EHS: What resources (websites, journals, texts, et cetera) would you recommend to someone interested in Asatru?
EL: That’s actually the subject of an entire chapter of my book. But generally, if your interests run to finding other heathens for community and ritual, the internet is where you’ll find them. If your interests are more in learning about the mythology and history, the books and other material that were written or made in historical times are the best sources: in the most ancient times, archeological sites and the writings of Romans and Arabs in what was prehistory in the North; in the Viking Age, the Sagas, The Eddas, poetic magical charms, runestones and other artifacts; in later times, fairy tales, agriculture-related village festival customs, and the ways that European Christianity came to differ from its Middle Eastern origins as evidenced by historical Christian writings.
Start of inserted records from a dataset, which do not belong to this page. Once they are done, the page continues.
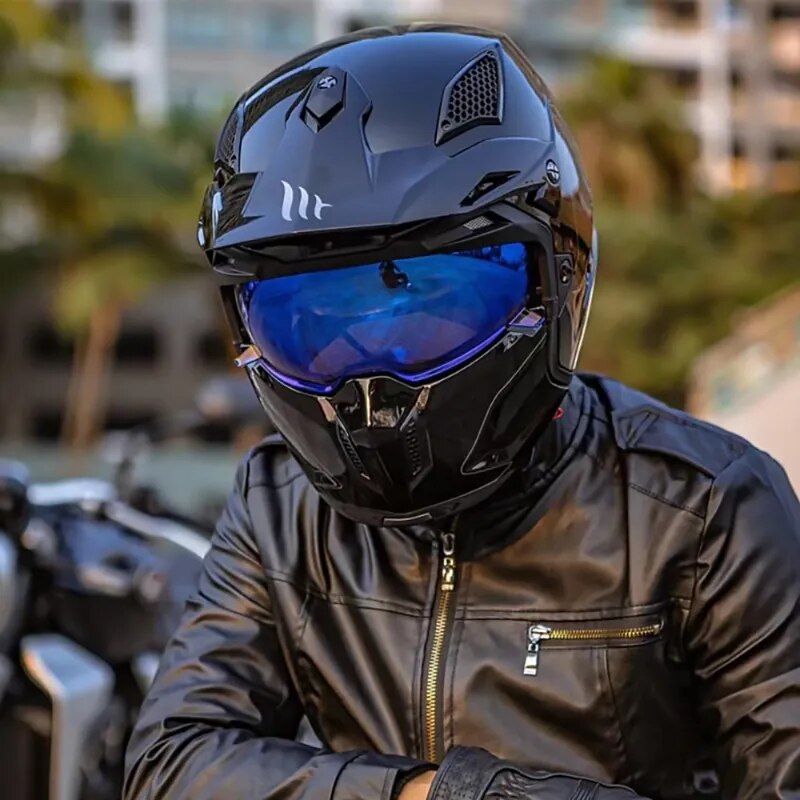 MT Retro Helmet Motorcycle Full Helmet Men Women Summer Locomotive Four Seasons Rally Demolition Combination Helmets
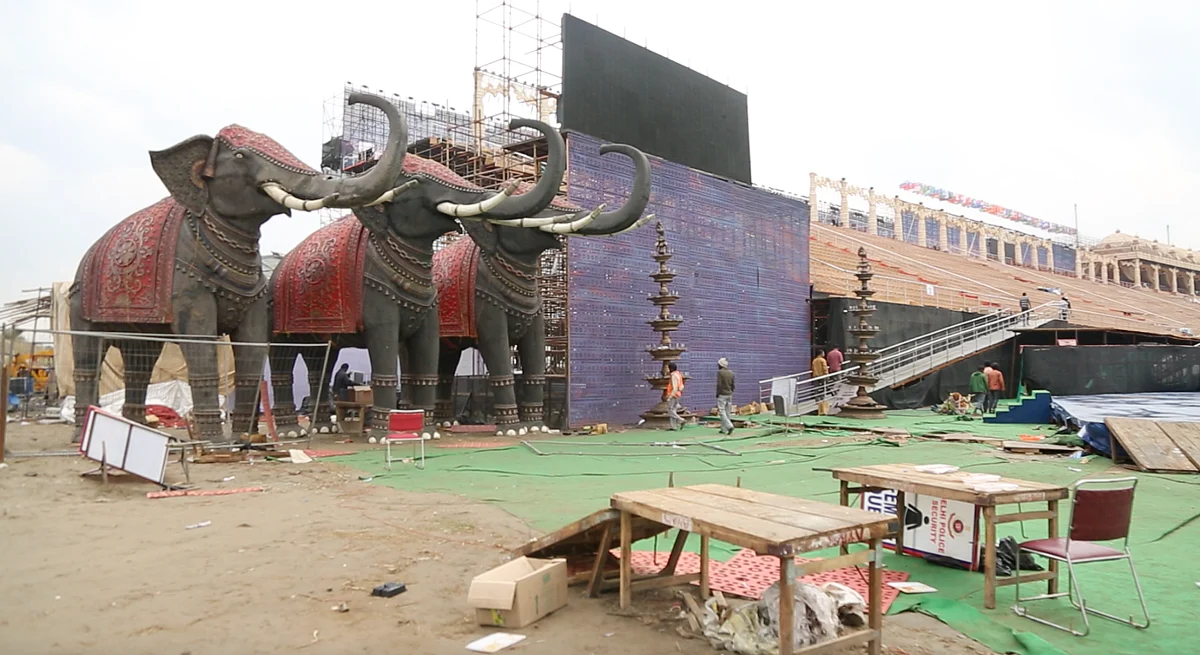 Elephant statues and debris are all that remain of the three-day World Culture Festival. (Photo: Sanjoy Deb)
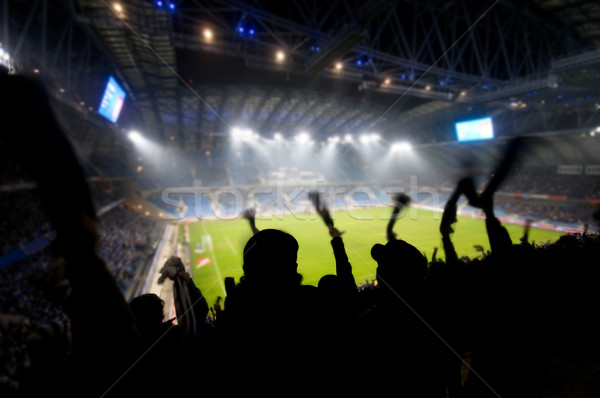 Fans vieren doel silhouetten voetbal voetbal Stockfoto © photocreo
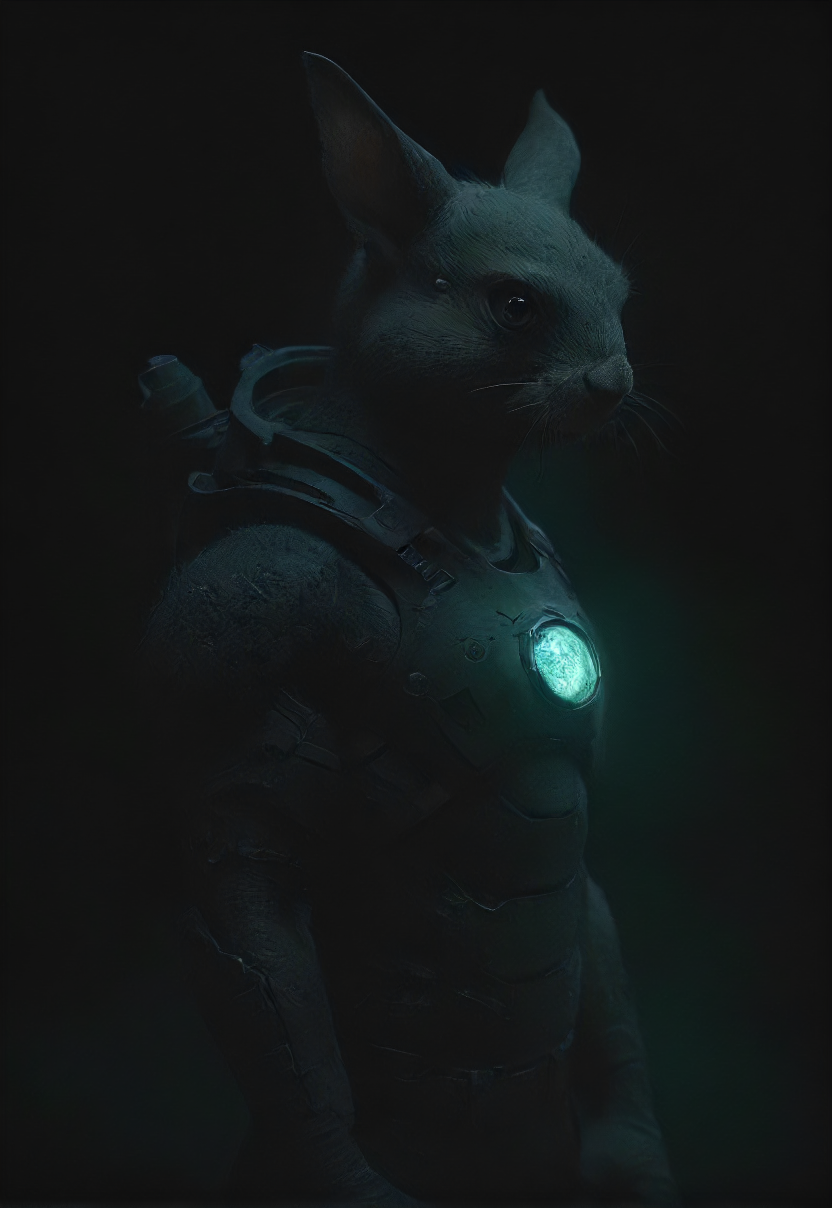a buff and tattooed squirrel at night , night-vision googles, green glowing glasses, tactical espionage, sneaky  vntblk, black, dark    <lora:- SDXL - vanta-black_contrast_V3.0:0.8>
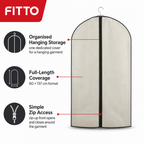 144 Pieces Assorted Colour Zip-Up Garment Bags, 60 × 137 cm, 1 Piece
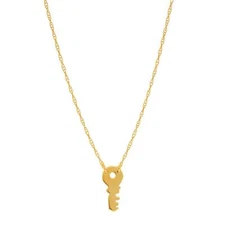 14K Yellow Gold Mini Key Pendant Necklace, 16" To 18" Adjustable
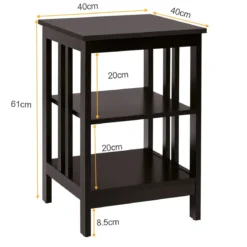 Nachttisch 3 Ebenen 2er Set Beistelltisch Nachtschrank Sofatisch Couchtisch für Schlafzimmer 40 x 40 x 61 cm Kaffe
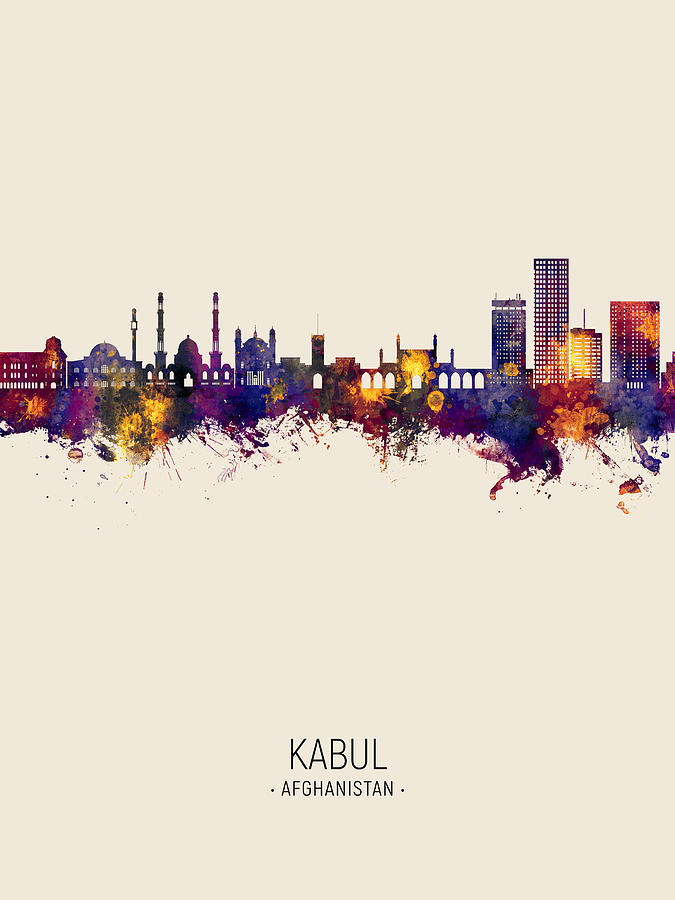 Kabul Afghanistan Skyline #58 Digital Art by Michael Tompsett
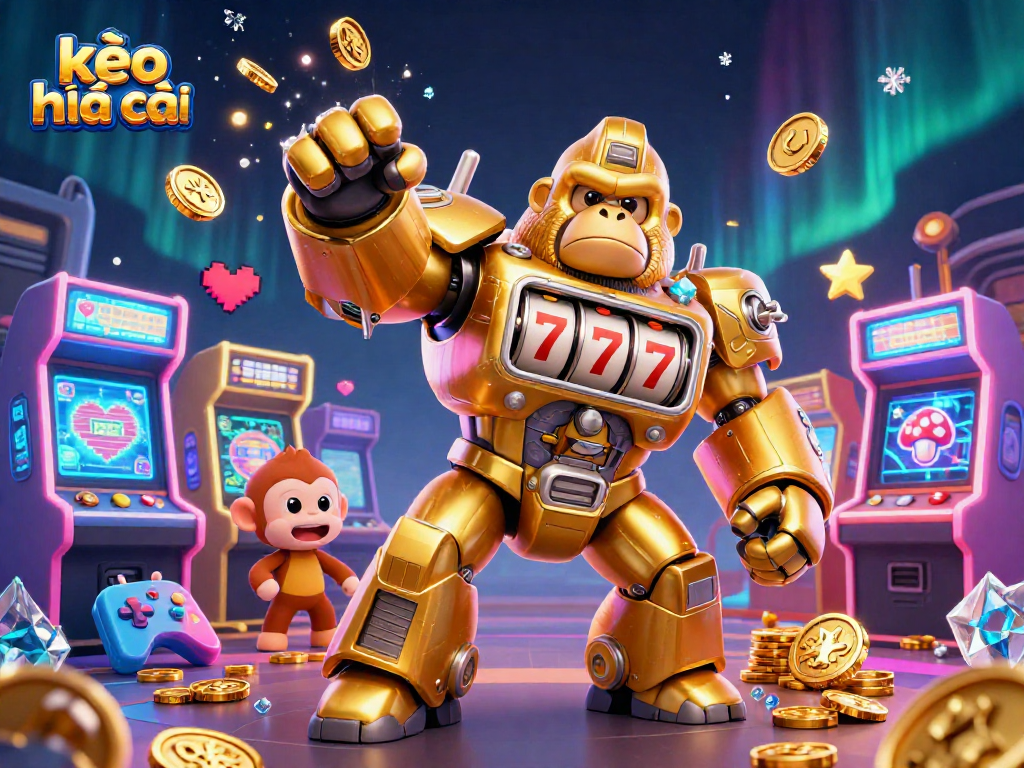 Experience kèo nhà cái with a dynamic golden gorilla mech illustration showcasing exciting gaming elements.
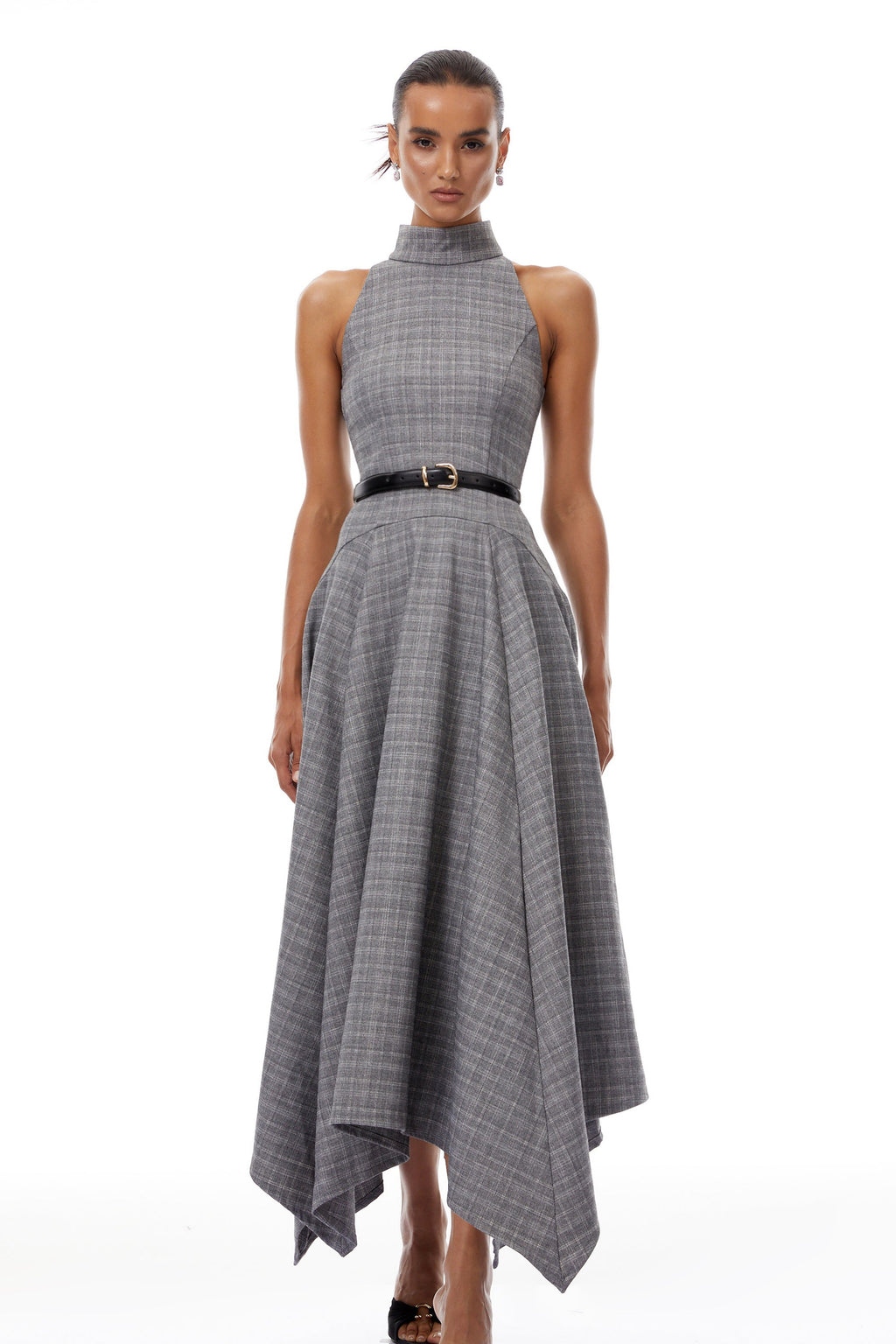 Wilhemine Grey Checked Tweed Maxi Dress (Without Belt)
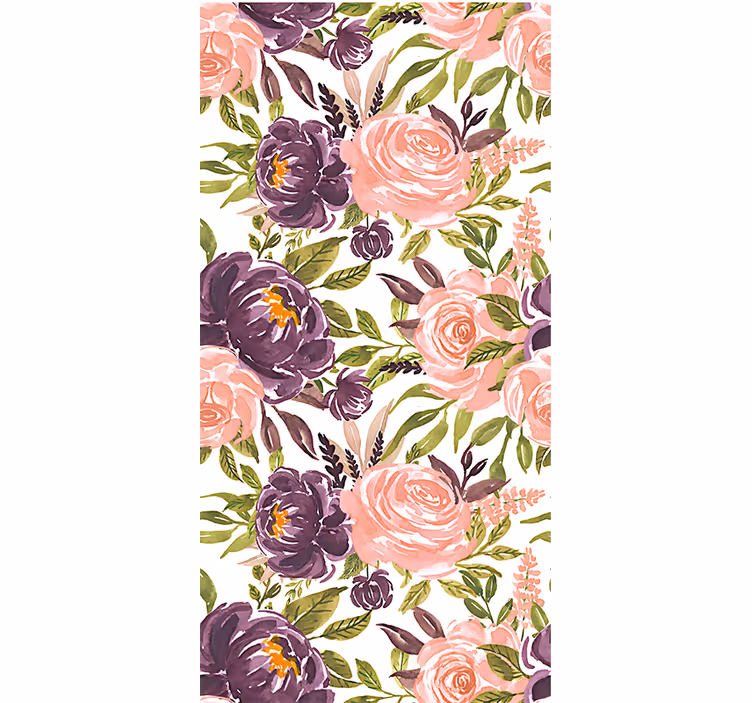 Papier peint salon fleurs aquarelle charmantes - TenStickers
EHS: Where can people find your book?
EL: Besides speaking engagements where I appear in person, you can find the print edition on the net and in any local bookstore that deals with the major distributor Baker & Taylor. You can also buy the Kindle version in the Amazon Kindle Store.
EHS: What advice can you offer other authors who are considering the self-publishing route? Steps they must take, and mistakes they must avoid?
EL: Firstly, know that most bookstores will not be interested in stocking a self-published book. In my case, I was already going to speaking engagements where I gave lectures on Asatru, and had been handing out cards encouraging people to buy the book online, and I was thinking of how convenient it would be if I had physical books with me to sell while the potential customer was right in front of me. That’s a business plan that’s far different from trying to get bookstores to buy your book on spec. What I do on my book tour is like when a band sells its CDs after a concert. I encourage authors thinking of self-publishing to start the way I started, with an ebook version, and work towards a print edition later.
EHS: Which conventions, book fairs, festivals, et cetera will you be attending in the foreseeable future?
EL: By the time you read this, my 2010 book tour through the middle of the country to Pagan Spirit Gathering and back will be over, but I plan to continue giving my Asatru speech at Pagan Pride Day events and such, as I have in the past. I’ll be at the Las Vegas Renaissance Festivalwith Hammarheim Kindred in the Viking living history village this October, as I was last year. For the latest information on my future public appearances, check out my MySpace blog.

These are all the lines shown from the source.